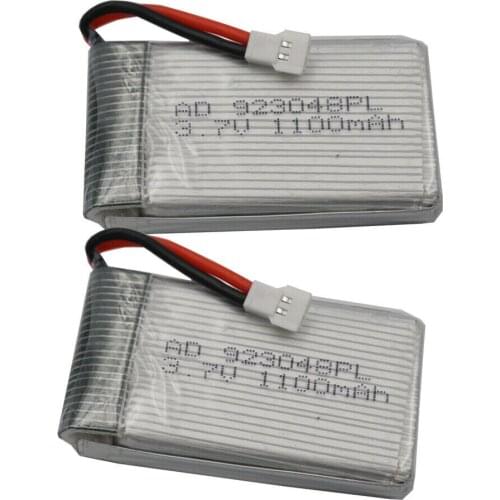XINJ 2pcs 3.7V 1100 mAh 25C Rechargeable Polymer Lipo Li battery 923048 XH254 Plug For For X8tw Syma X5C-1 X5SW Part Drone RC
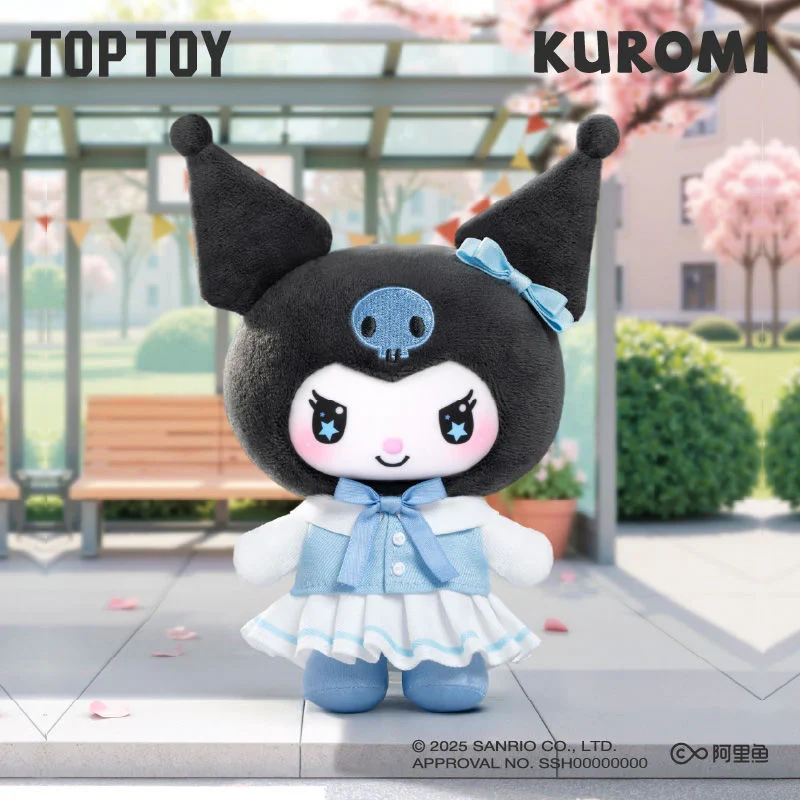 Top Toy x Sanrio - Kuromi School Life Plush Figure Series - Image 7
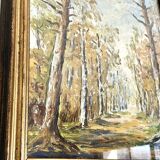 Oil on canvas, glazed wooden frame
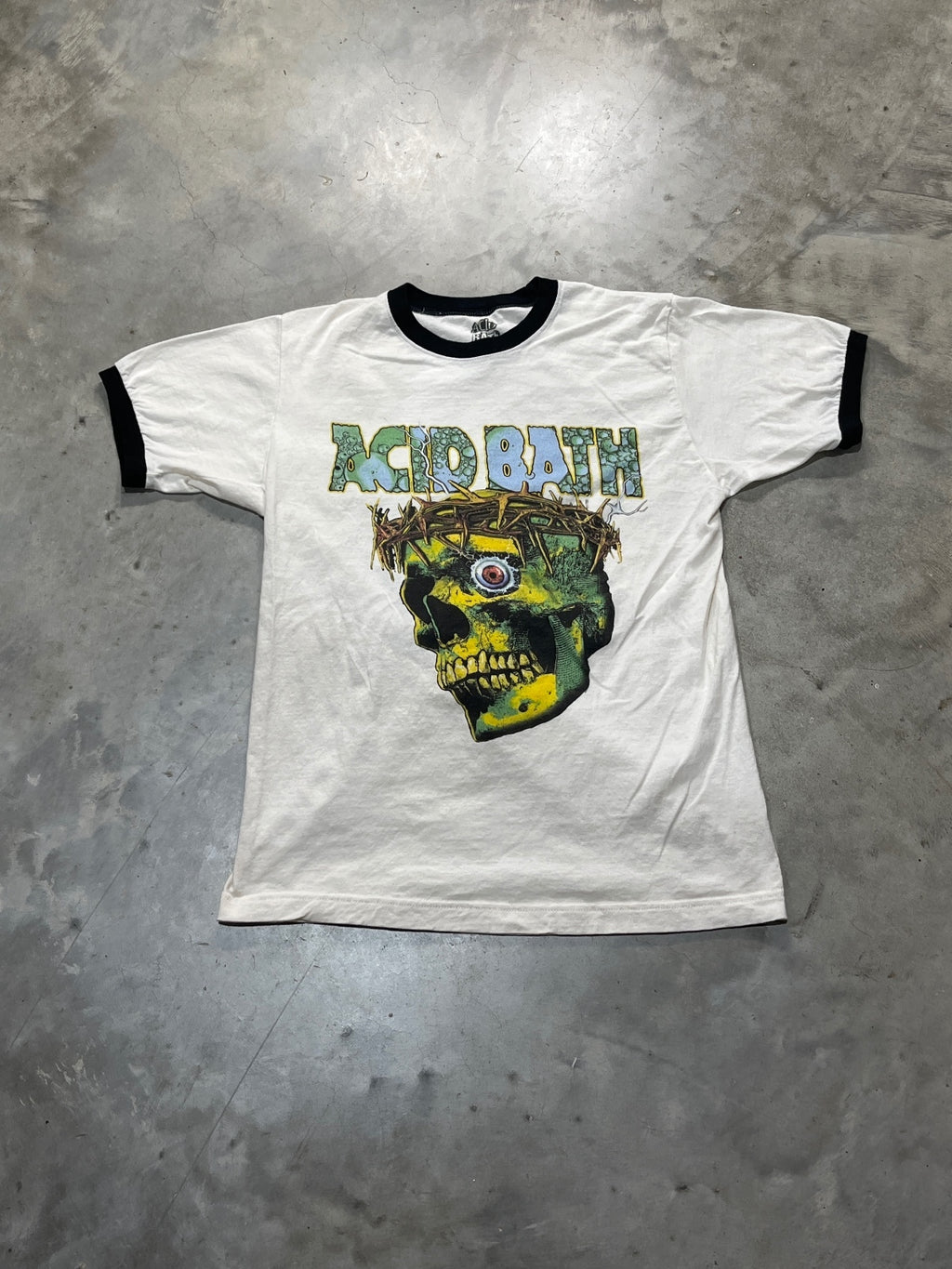 Acid Bath Preowned Large Ringer T-shirt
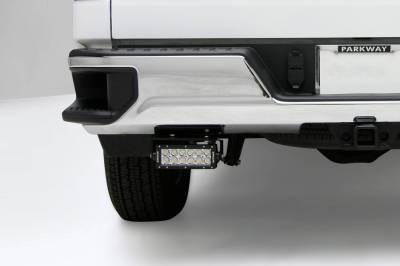 ZROADZ OFF ROAD PRODUCTS - 2019-2021 Chevrolet Silverado/GMC Sierra 1500/2022-2022 Silverado/Sierra 1500Rear Bumper LED Bracket to mount (2) 6 Inch Straight Light Bar - PN #Z382182 - Image 1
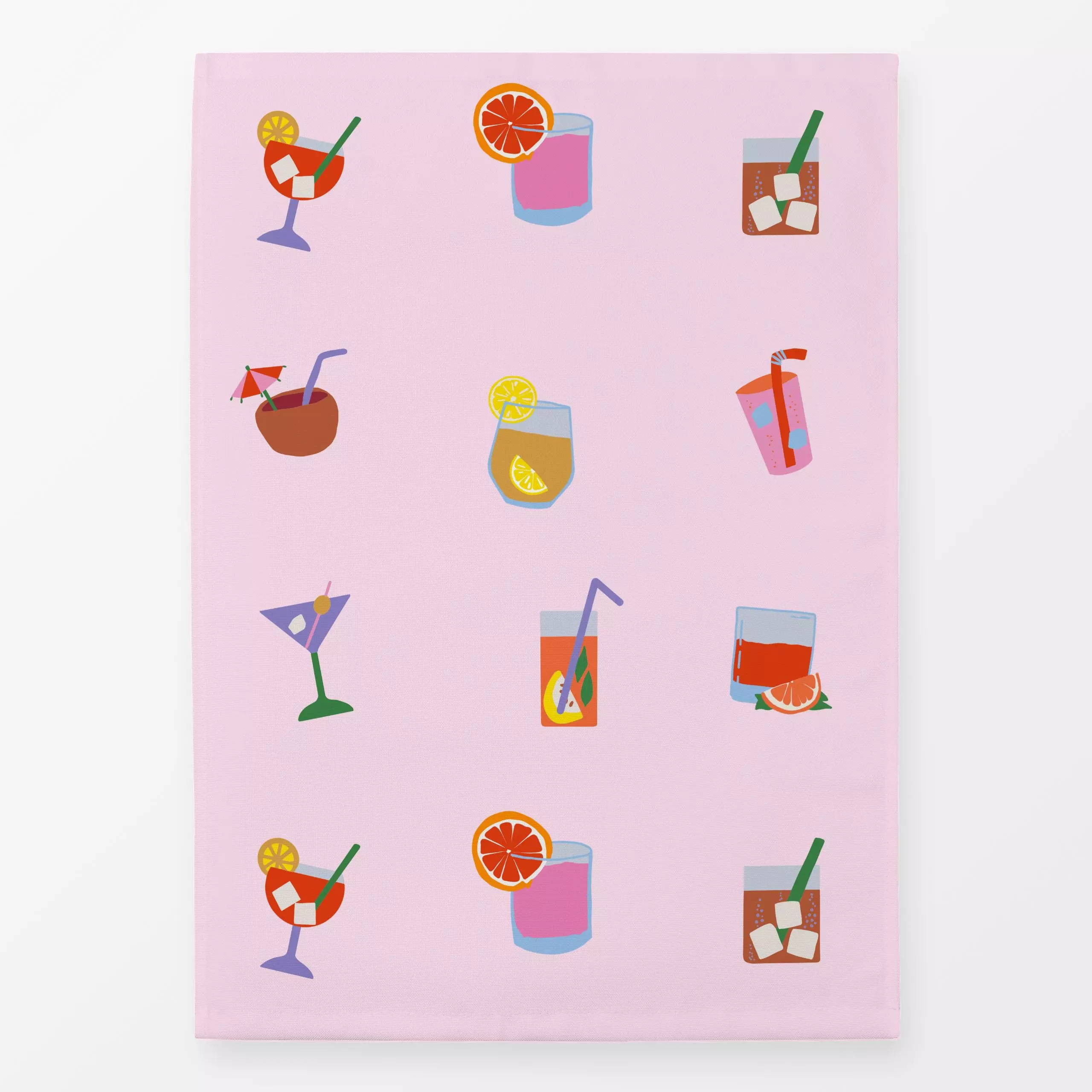 Geschirrtücher Cocktails 4 - Sommer, Küche, Essen & Trinken - von „textilwerk“; Illustration, skandinavisch, Sommer, Urlaub,...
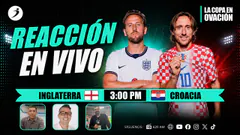 INGLATERRA VS CROACIA | REACCIÓN EN VIVO | LA COPA EN OVACIÓN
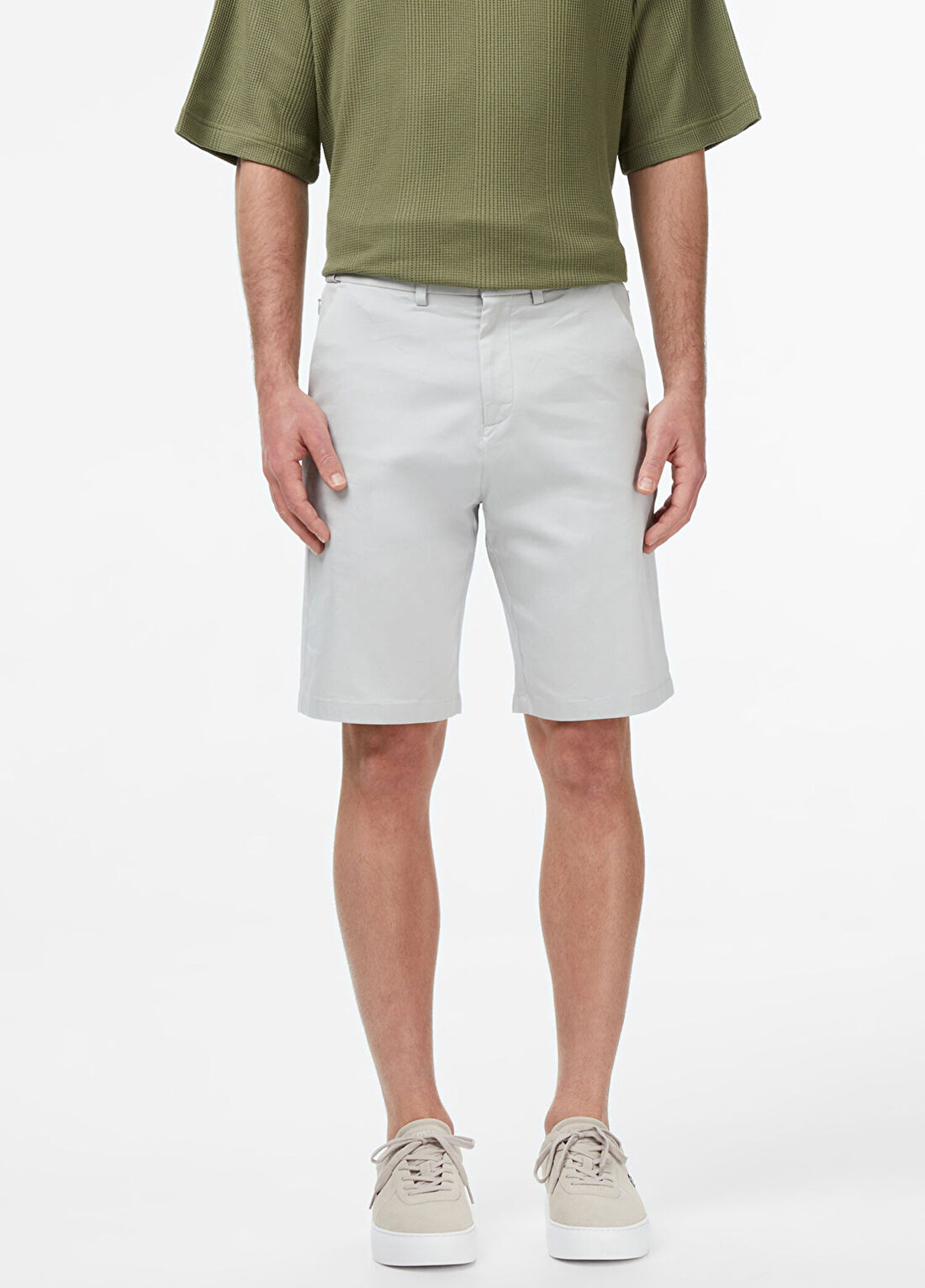 Lacoste Gri Regular Fit Erkek Bermuda Şort görsel 4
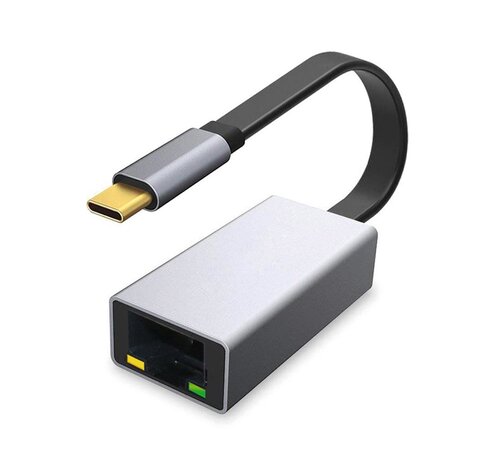Platinet ADAPTATEUR MULTIMEDIA PLATINET Type-C vers RJ45 1000Mbps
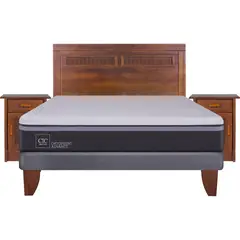 CIC - Cama Europea Ortopedic Advance 2 plazas BN + muebles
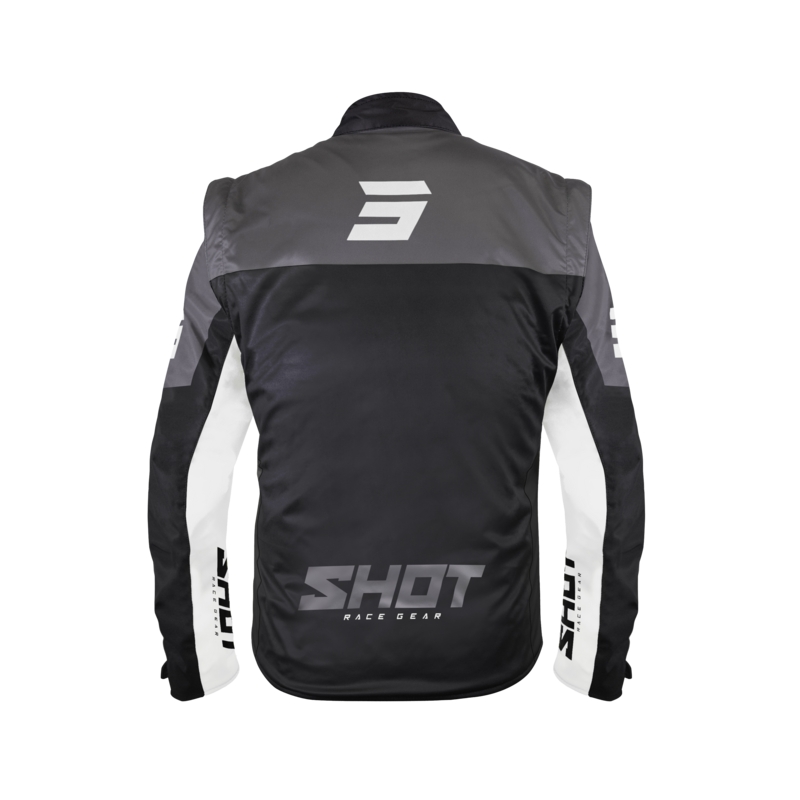 Softshell μπουφάν Shot Softshell Lite μαύρο και λευκό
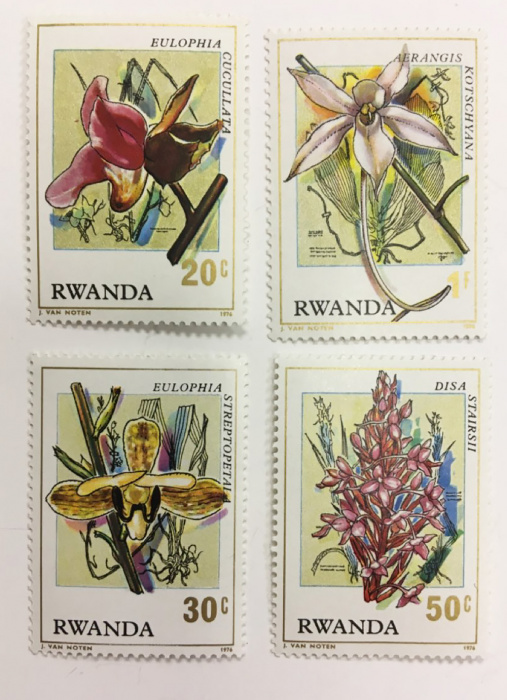 (--) Набор марок Руанда &quot;4 шт.&quot;  Негашеные  , III O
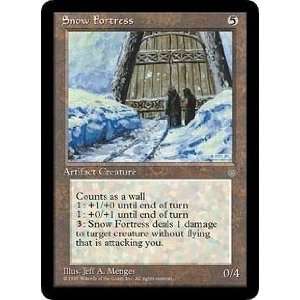  Snow Fortress (Magic the Gathering  Ice Age Rare) Toys & Games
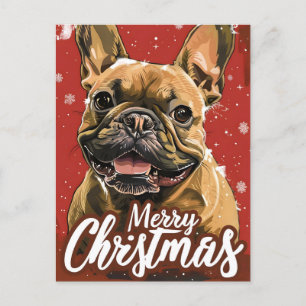 French Bulldog Christmas Feestdagenkaart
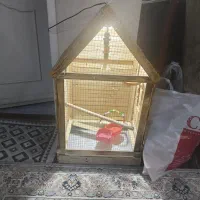 قفس چوبی چراغ دار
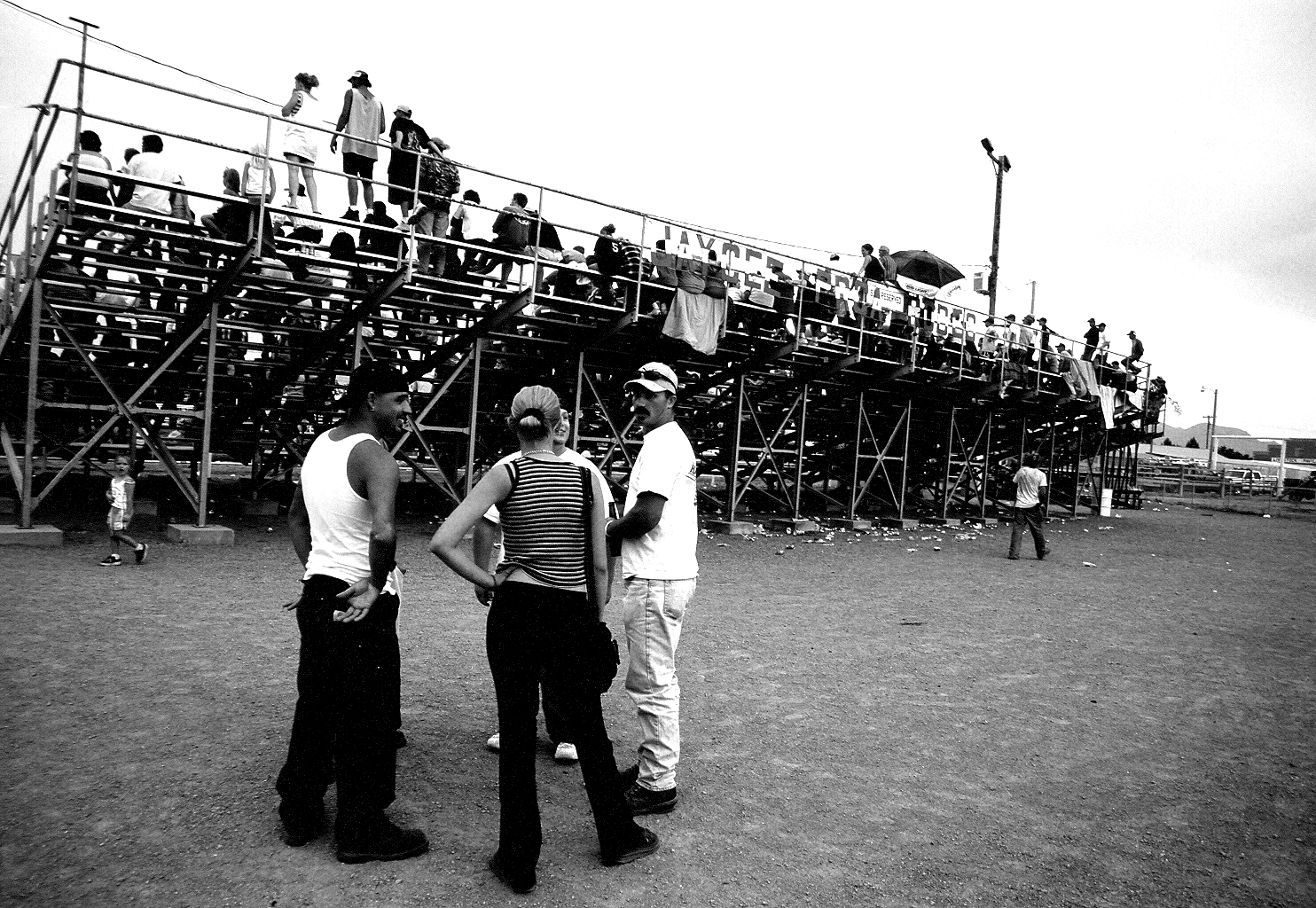 behind the bleachers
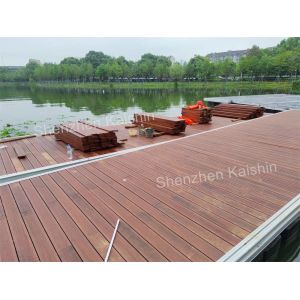 Residential Marine Floating Dock Pontoon Aluminum Alloy 300mm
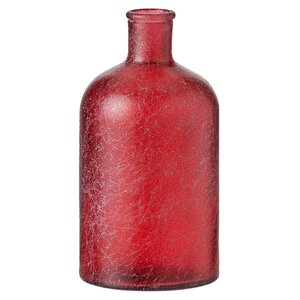 Декоративная бутылка Феличе 22 см бордовая (Edelman, Нидерланды). Артикул: ID51022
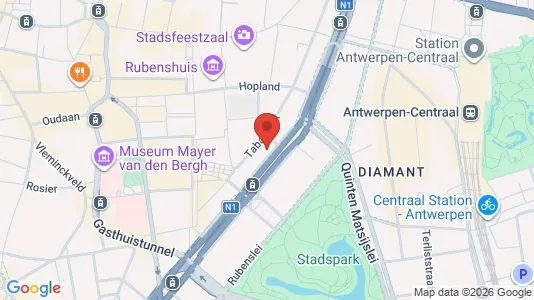 Apartments for rent i Stad Antwerp - kort over placeringen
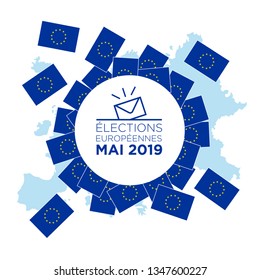 illustration of european elections of may 2019 - european election may 2019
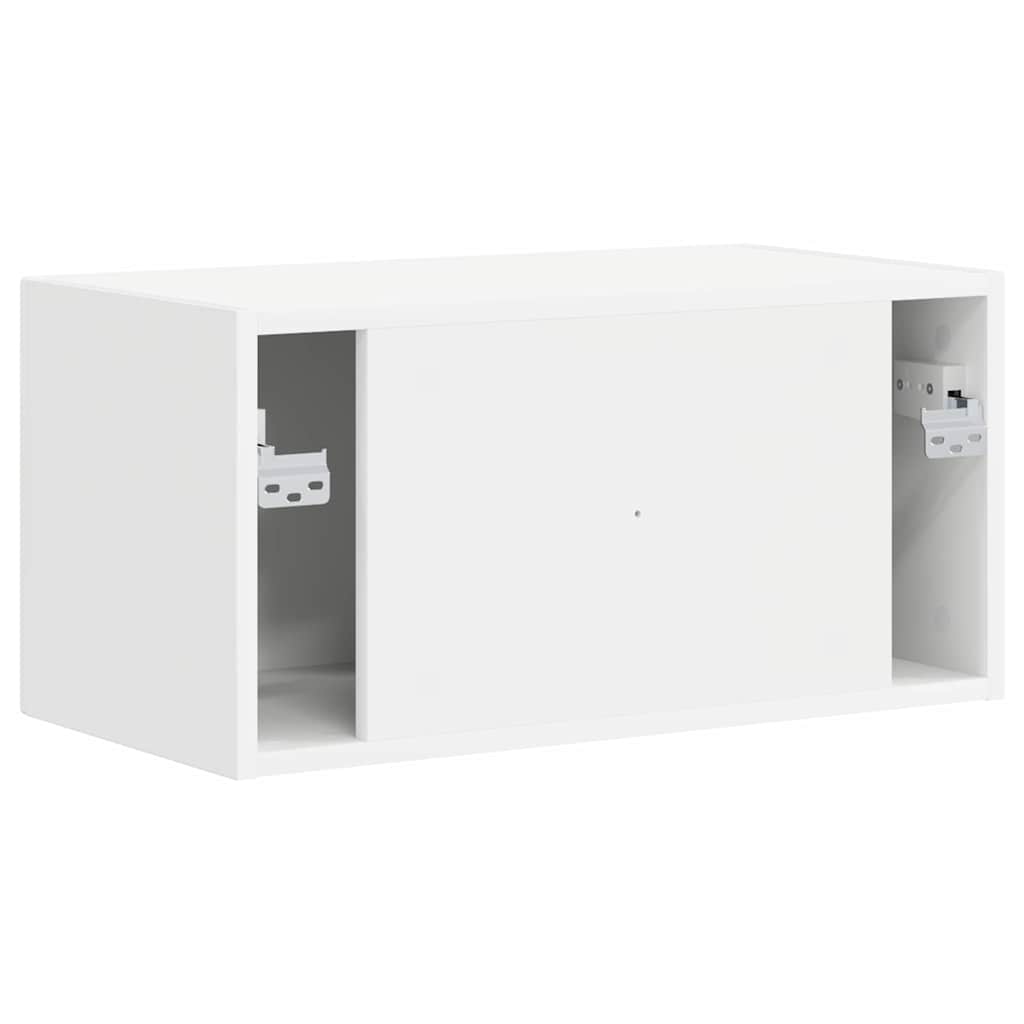 TV sieninė spintelė Balta 60 x 31 x 29,5 cm Apdirbta mediena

******************************

Problem requirements>
Include the first line of the records, the line containing "Декоративная бутылка Феличе", and every line between them, repeated exactly. Skip the pictures.

Answer below>
XINJ 2pcs 3.7V 1100 mAh 25C Rechargeable Polymer Lipo Li battery 923048 XH254 Plug For For X8tw Syma X5C-1 X5SW Part Drone RC
 Top Toy x Sanrio - Kuromi School Life Plush Figure Series - Image 7
 Oil on canvas, glazed wooden frame
 Acid Bath Preowned Large Ringer T-shirt
 ZROADZ OFF ROAD PRODUCTS - 2019-2021 Chevrolet Silverado/GMC Sierra 1500/2022-2022 Silverado/Sierra 1500Rear Bumper LED Bracket to mount (2) 6 Inch Straight Light Bar - PN #Z382182 - Image 1
 Geschirrtücher Cocktails 4 - Sommer, Küche, Essen & Trinken - von „textilwerk“; Illustration, skandinavisch, Sommer, Urlaub,...
 INGLATERRA VS CROACIA | REACCIÓN EN VIVO | LA COPA EN OVACIÓN
 Lacoste Gri Regular Fit Erkek Bermuda Şort görsel 4
Platinet ADAPTATEUR MULTIMEDIA PLATINET Type-C vers RJ45 1000Mbps
 CIC - Cama Europea Ortopedic Advance 2 plazas BN + muebles
 Softshell μπουφάν Shot Softshell Lite μαύρο και λευκό
 (--) Набор марок Руанда &quot;4 шт.&quot;  Негашеные  , III O
  Snow Fortress (Magic the Gathering  Ice Age Rare) Toys & Games
 French Bulldog Christmas Feestdagenkaart
 قفس چوبی چراغ دار
 behind the bleachers
 Residential Marine Floating Dock Pontoon Aluminum Alloy 300mm
 Декоративная бутылка Феличе 22 см бордовая (Edelman, Нидерланды). Артикул: ID51022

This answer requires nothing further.